Ok that's more or less it for story. The rest is a sort of political/ factional scenario whose narrative has been built up over previous games. Think Star Trek/ Star Wars/ LOTR/Game Of Thrones typical factional allegiances and disputes and you'll come somewhat close. In other words it perpetuates the racial typecasting and stereotypes we have all come to know and love in todays society.
The thing I love about spaceships is the freedom of movement in 3d space. In my opinion it can't be fully realised with just a mouse and keyboard. I use a G13 in which the thumbstick controls my steering, and the x/y strafe movement is controlled by the WSAD keys on the G13. Gun aiming and general browsing through my ships peripherals is done with the mouse. Throttle is controlled by the rollerball on the mouse. This enables a deeper control which unwittingly adds another layer of immersion to the game. Again, coming from a background not familiar with these type of games it's all the more a savouring experience for me. Last game I played like this was perhaps 'Descent 3' way back when...
You really feel that you are a pilot and develop a bond with your ship. Every upgrade you purchase for your ship, be it engine type or shield type, you tailor towards your play style. The variety of upgrades to the ship specifically is somewhat lacking. But bare with it, as there are other dimensions and upgrades beyond mere shield/ weapon/ engine types.
Enter the drones.. Ok these wonderful little companions come in two flavors: URV (perhaps not the correct term for what these vehicles actually do in this game but thats what they call them) which you launch and they more or less go about doing their thing, and ROV drones which you personally control through a VR helmet from within your ship.
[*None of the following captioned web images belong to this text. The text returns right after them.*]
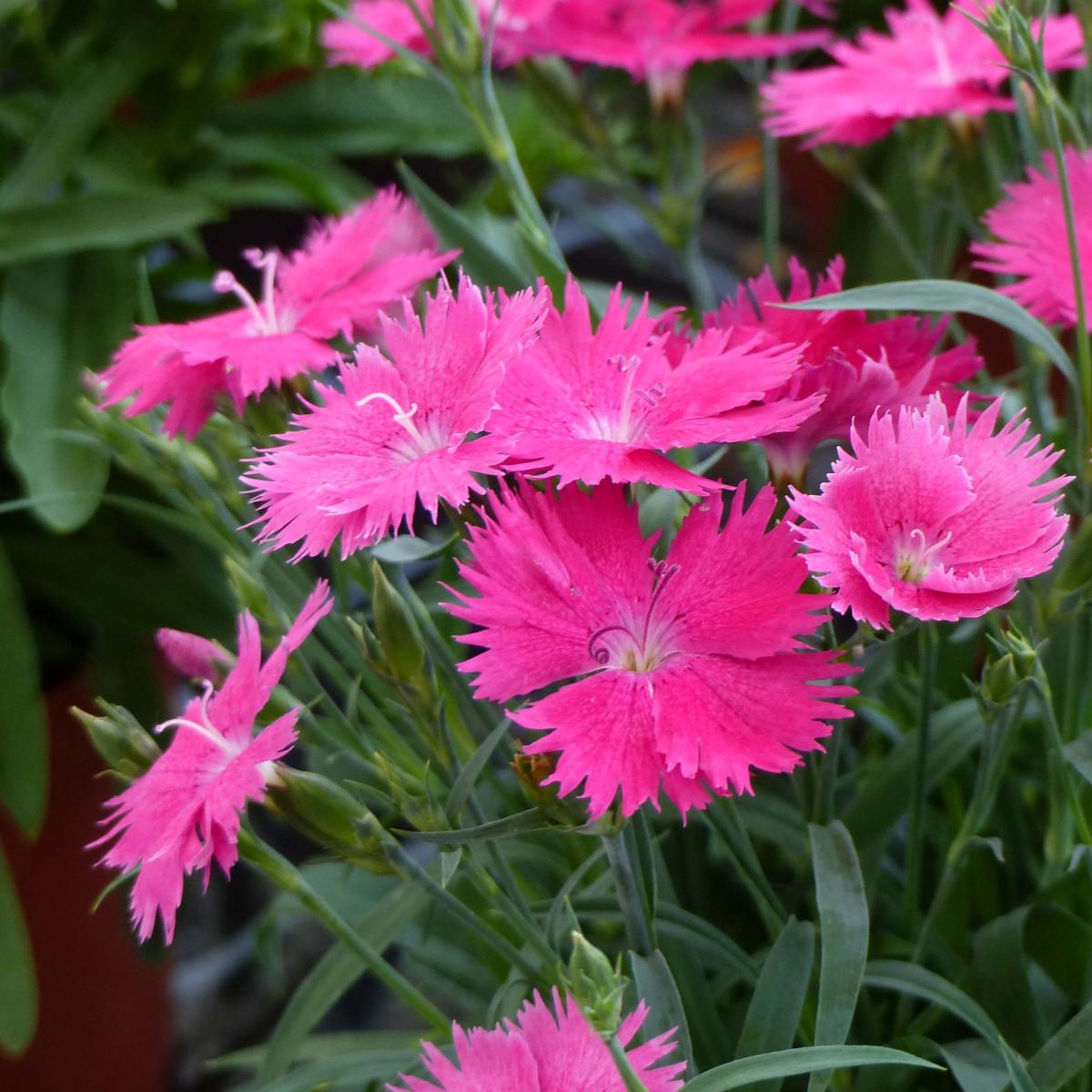 Dianthus Suntory Pink - Oeillet annuel compact, à fleurs rose fuchsia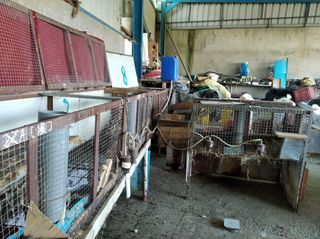 Se venden jaulas de conejos, grandes, pequeñas...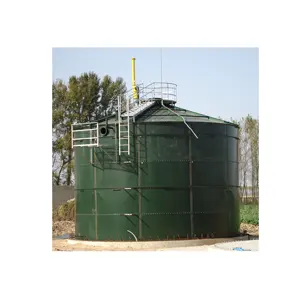 Sıcak satış çift membran biyo gaz basınç pompası bio gaz santrali sistemi ev için inek gübre atık biyogaz tesisi İngiltere'de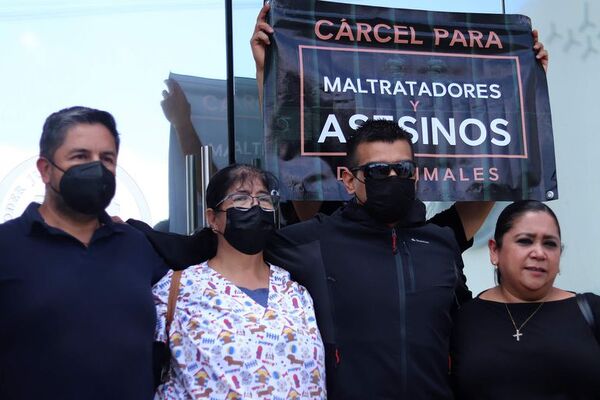 Condenan a diez años de cárcel a un asesino de perros en el centro de México - Mundo - ABC Color
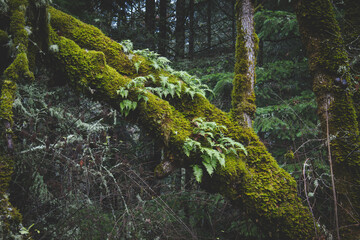 Fototapeta premium Sword Ferns Growing Out of an bark tree covered with moss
There are Assassin drones, Shield drones, Hacking drones, Combat drones, Worker drones (for your cap ships or freighters).
Wanna be a space pirate? Load up a few Trojan drones, upgrade your scanning tech, skirt to the edge of the sector/ asteroid belt or mining colony/ or just near a faction you want to weaken or don't like, wait for freighters to loot, scan the cargo, send in your drone from a distance, hack the cargo doors on the ship so the freighter drops its loot. Have your freighter parked up nearby with a stack of collector drones, pickup the goods, sell them to your favored faction.
Want to be a raider? Load up a crew of space Vets, hire engineers/ captains/ marines, asssault an enemy frigate, board and hijack disabled vessels. Sell them off to your favored faction or add them to your personal fleet.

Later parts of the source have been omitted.